Would you please output, word for word, the span of the listing below that opens on the line containing "Vacationer Party Palm" and closes on the line containing "structure, CAS 2034203-70-6"? Include both ends and nothing more.

_The input:_
◇ ◇ ◇ ◇ ◇ ◇ ◇

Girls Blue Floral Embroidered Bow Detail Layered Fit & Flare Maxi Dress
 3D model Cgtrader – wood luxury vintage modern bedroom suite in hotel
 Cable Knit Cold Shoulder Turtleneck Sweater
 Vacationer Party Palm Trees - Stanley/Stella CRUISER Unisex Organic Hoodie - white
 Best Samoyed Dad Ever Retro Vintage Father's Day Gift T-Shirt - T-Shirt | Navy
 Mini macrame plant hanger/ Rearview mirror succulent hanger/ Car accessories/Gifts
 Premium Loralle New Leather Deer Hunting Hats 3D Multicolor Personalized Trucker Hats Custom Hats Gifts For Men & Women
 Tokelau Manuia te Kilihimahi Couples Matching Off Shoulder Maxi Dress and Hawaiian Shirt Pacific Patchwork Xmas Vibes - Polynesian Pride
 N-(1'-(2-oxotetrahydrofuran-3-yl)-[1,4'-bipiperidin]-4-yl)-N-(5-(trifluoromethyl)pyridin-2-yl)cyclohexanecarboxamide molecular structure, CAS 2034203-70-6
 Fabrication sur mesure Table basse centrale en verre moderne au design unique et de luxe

◇ ◇ ◇ ◇ ◇ ◇ ◇

_Task result:_
 Vacationer Party Palm Trees - Stanley/Stella CRUISER Unisex Organic Hoodie - white
 Best Samoyed Dad Ever Retro Vintage Father's Day Gift T-Shirt - T-Shirt | Navy
 Mini macrame plant hanger/ Rearview mirror succulent hanger/ Car accessories/Gifts
 Premium Loralle New Leather Deer Hunting Hats 3D Multicolor Personalized Trucker Hats Custom Hats Gifts For Men & Women
 Tokelau Manuia te Kilihimahi Couples Matching Off Shoulder Maxi Dress and Hawaiian Shirt Pacific Patchwork Xmas Vibes - Polynesian Pride
 N-(1'-(2-oxotetrahydrofuran-3-yl)-[1,4'-bipiperidin]-4-yl)-N-(5-(trifluoromethyl)pyridin-2-yl)cyclohexanecarboxamide molecular structure, CAS 2034203-70-6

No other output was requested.